The actual record of Crew’s legacy was hardly gay, as the Episcopal Church’s “first ordination of a noncelibate homosexual went unbelievably badly” in 1989 with the AIDS-infected Robert Williams, Virtue observes. As Williams’ cohabitation with his live-in homosexual partner predicted, the “narrative did not go as planned, with Williams announcing that neither celibacy nor monogamy were natural to human beings.” Bishop of Newark John Shelby Spong, a notoriously heterodox Episcopalian and inveterate opponent of House of Bishops “Homophobes,” pressured Williams into resignation and he shortly thereafter died of AIDS.

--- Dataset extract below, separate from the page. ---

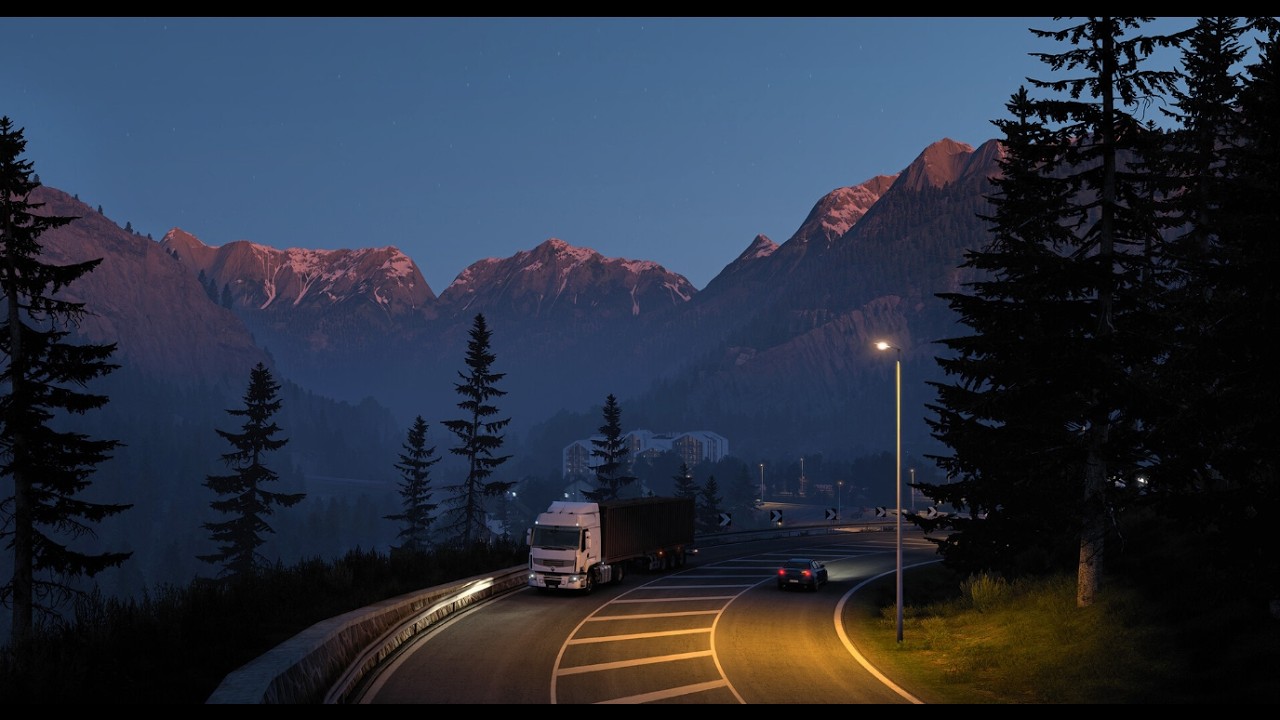 Euro Truck Simulator 2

Elected Episcopal Church Presiding Bishop in 1998, Frank Tracy Griswold decided that the mind of Christ was a conglomeration of worldly culture, social confusion, and Islamic beliefs couched in mystical language,” Virtue notes. Reflecting the “mind of a declining western culture,” Griswold’s writings “tossed numerous quotes and buzzwords at the reader, even though they were meaningless.” “His only absolute is that there are no absolutes,” Virtue observes of a clergyman who has condemned Jesus’ unique salvation claims as “Jesusolatry.”

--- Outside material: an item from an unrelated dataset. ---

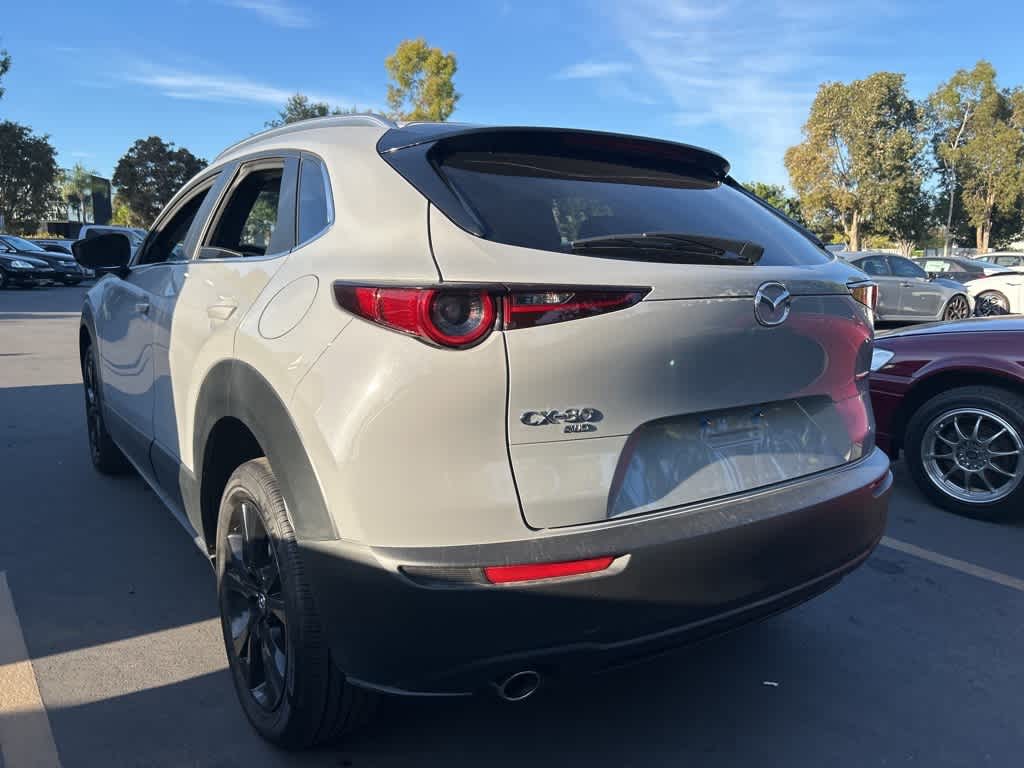 Thumbnail: 2025 Mazda CX-30 - 4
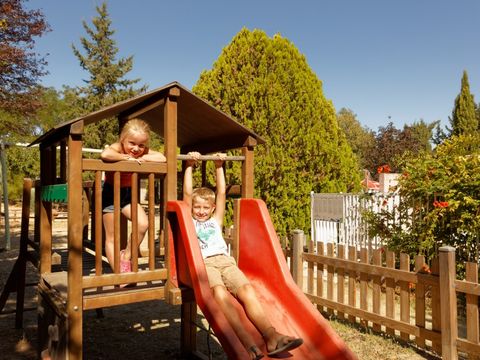 Camping L'Olivier  - Camping Gard - Image N°32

It was perhaps fitting that Robinson, who has revealed himself as an alcoholic, two-time gay divorcee, became bishop under Presiding Bishop Griswold. “His own sexuality was the private talk of many,” Virtue notes. One Episcopal bishop had claimed to Virtue that the married “Griswold consorted with known drag queens and homosexuals in Paris in the late 80’s.”
Griswold’s support for Robinson’s ordination has “torn the fabric of the Anglican Communion,” Virtue observes. “In 2004, the Episcopal Church stood on the edge of being publicly reprimanded, if not thrown out of the Anglican Communion for doctrinal and moral infidelity.” Additionally, Griswold’s “public affirmation of pansexuality jeopardized the lives of Anglicans in northern Nigeria, who daily face the onslaughts of Islamic fundamentalists pushing Sharia law, who laughingly mock Christianity as a ‘queer’ religion.”
Succeeding Griswold in 2006, Presiding Bishop Katharine Jefferts Schori launched a “personal Inquisition” against any Episcopalians who would not accept the new sexual (dis)order, Virtue writes. Against congregations that attempted to leave the Episcopal Church with their church property and dissident clergy she “fought in every legal venue open to the church; salaries and pensions would be cut off.” Episcopal Church legal fees exceeded S22 million.
The vengeful Griswold testified in court that she preferred selling church properties for “saloons” rather than to other, orthodox Anglican entities. Thus “properties were sold to start up evangelicals, fundamentalists, even to Muslim Imams for mosques,” Virtue writes. Moreover, “Schori defrocked, humiliated and destroyed hundreds of Anglican priests” in a “bonfire of the Episcopal vanities.”
Presiding Bishop Michael Curry, a supposed “moderate,” followed in 2015 the “ultra-liberal” Schori, who had traded “The Great Commission (to preach the gospel to all the world) for Millennium Development Goals,” Virtue notes. Yet “even as his preaching revealed the old-style cadence of black preachers,” Curry merely “would be a different shade of gray.” One young Episcopalian dismissed Curry’s proclaimed “Jesus Movement” as “all that 1960s stuff we are trying to avoid.”
Virtue’s dismal conclusion concurs with the young VTS visitor. “Within two generations, most of the Church will be gone. There will be hold out parishes like Trinity Wall Street, the richest church in the world, and a number of large Texas parishes.” The watchman Virtue has given his alarm; now other Christians must heed this writing on the wall.